*Dataset records*.

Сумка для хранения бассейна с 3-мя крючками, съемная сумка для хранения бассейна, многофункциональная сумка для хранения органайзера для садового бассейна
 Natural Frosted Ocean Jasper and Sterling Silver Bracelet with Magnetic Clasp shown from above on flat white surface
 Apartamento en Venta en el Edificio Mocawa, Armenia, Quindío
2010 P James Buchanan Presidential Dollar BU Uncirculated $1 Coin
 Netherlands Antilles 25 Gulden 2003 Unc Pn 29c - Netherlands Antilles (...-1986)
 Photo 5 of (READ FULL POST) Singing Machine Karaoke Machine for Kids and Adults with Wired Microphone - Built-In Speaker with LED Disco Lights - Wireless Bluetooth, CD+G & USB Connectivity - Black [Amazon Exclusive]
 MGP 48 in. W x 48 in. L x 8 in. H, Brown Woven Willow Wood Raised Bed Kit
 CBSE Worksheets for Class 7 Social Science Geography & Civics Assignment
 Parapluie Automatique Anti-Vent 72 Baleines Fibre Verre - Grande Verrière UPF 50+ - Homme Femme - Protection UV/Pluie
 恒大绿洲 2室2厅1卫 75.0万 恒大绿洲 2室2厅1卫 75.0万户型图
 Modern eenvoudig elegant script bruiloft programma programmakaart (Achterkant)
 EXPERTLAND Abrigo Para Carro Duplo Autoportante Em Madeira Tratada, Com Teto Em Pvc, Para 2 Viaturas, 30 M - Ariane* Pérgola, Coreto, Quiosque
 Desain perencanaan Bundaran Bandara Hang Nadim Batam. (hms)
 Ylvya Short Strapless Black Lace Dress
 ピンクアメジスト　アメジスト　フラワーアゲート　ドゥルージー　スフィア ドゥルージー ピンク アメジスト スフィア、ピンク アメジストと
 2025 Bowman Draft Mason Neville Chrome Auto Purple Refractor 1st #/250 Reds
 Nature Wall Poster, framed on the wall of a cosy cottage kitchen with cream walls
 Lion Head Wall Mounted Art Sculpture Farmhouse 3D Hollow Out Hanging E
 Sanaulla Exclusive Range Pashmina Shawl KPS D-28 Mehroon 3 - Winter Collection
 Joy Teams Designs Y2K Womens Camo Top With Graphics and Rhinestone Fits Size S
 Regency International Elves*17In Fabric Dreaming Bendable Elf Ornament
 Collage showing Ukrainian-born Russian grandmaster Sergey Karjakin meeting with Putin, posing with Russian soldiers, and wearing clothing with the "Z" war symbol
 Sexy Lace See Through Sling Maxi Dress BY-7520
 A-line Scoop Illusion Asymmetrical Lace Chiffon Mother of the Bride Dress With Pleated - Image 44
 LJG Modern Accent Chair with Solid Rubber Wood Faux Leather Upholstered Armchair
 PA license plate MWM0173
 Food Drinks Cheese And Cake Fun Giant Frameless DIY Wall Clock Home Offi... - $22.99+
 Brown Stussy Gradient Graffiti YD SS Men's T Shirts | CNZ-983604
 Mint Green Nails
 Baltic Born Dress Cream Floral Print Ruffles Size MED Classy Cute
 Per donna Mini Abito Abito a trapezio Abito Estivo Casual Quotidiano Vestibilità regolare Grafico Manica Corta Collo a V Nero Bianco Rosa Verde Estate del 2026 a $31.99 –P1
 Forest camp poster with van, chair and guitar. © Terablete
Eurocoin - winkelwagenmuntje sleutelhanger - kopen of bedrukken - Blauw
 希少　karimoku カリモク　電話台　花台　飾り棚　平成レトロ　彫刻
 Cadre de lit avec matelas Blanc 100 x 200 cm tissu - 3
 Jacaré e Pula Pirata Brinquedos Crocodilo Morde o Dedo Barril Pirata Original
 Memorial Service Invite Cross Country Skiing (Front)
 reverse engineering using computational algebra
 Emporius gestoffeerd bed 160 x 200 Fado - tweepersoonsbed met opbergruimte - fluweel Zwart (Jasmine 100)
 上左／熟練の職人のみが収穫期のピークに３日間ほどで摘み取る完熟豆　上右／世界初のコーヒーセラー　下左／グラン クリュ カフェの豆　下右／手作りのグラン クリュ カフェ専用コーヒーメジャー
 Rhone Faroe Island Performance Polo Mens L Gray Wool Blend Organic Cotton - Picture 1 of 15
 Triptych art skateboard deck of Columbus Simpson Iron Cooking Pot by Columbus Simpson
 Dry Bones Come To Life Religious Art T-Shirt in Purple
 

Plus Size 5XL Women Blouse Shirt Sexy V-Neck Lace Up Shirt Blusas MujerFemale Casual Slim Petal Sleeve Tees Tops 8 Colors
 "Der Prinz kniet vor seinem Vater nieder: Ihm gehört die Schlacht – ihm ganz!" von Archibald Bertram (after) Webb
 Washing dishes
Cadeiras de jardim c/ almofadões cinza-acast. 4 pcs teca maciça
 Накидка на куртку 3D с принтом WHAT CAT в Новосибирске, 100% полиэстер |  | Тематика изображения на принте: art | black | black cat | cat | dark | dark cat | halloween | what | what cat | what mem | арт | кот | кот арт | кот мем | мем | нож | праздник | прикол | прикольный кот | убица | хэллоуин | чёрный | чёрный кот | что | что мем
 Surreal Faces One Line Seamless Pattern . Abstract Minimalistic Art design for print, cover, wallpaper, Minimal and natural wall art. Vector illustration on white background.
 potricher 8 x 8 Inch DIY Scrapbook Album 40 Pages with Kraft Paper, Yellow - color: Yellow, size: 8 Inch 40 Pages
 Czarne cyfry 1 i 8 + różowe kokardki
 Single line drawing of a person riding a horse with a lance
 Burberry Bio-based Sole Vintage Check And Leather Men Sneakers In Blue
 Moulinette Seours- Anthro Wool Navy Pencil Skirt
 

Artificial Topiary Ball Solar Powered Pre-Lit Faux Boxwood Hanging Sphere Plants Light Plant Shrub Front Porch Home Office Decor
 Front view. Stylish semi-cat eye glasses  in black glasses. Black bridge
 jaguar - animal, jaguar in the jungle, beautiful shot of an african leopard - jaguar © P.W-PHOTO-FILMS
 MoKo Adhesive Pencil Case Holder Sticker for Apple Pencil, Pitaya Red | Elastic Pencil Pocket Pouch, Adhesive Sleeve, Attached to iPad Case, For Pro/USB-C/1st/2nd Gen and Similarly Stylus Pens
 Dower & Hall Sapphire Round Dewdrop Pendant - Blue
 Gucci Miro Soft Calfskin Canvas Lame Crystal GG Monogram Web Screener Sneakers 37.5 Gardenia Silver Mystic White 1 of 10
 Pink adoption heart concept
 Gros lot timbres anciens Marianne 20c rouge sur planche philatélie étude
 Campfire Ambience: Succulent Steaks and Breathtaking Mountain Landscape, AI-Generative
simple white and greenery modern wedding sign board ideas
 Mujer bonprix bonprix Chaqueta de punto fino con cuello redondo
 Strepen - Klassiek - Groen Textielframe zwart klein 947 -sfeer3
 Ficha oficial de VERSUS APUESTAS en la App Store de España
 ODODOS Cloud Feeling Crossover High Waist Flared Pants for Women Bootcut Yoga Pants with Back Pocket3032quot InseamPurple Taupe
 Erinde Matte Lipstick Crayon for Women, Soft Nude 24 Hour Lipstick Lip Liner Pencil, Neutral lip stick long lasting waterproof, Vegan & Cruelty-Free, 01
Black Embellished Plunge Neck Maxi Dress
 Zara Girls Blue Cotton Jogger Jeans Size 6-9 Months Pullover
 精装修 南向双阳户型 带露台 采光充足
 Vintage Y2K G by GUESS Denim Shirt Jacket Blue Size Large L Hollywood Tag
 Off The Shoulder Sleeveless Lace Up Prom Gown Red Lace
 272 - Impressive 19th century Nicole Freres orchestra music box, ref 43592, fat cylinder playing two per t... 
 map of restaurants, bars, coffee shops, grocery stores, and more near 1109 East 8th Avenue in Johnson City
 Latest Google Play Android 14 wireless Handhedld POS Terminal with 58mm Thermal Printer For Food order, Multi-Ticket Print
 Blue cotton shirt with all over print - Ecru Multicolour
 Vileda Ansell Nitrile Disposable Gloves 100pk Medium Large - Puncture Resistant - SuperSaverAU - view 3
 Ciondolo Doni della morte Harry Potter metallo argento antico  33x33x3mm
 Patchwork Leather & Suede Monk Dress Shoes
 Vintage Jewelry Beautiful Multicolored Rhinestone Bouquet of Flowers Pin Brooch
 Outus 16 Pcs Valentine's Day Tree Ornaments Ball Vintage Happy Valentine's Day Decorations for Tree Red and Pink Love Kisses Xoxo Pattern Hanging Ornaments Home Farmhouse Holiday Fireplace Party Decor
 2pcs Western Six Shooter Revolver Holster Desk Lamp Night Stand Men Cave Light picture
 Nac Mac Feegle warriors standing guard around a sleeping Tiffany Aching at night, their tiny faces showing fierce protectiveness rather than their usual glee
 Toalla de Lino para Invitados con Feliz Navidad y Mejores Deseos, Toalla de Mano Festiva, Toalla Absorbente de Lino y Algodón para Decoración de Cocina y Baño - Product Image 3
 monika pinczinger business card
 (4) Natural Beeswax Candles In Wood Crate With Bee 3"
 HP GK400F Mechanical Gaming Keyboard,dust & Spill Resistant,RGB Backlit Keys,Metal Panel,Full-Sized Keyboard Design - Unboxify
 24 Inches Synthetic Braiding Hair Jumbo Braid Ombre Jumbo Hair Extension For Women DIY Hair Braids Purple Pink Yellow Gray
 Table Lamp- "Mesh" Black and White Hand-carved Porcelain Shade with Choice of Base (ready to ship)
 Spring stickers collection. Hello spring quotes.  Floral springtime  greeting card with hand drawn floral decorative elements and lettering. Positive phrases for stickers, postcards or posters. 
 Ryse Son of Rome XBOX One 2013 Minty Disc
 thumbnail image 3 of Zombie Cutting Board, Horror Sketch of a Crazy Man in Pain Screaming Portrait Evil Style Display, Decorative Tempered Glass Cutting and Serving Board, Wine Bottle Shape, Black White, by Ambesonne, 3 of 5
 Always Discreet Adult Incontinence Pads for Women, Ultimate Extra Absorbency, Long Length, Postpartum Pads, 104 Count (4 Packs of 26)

*About this task*.
In the listing, count the lines that contain the word "Lamp", then give the number and nothing more.

*Response area*.
2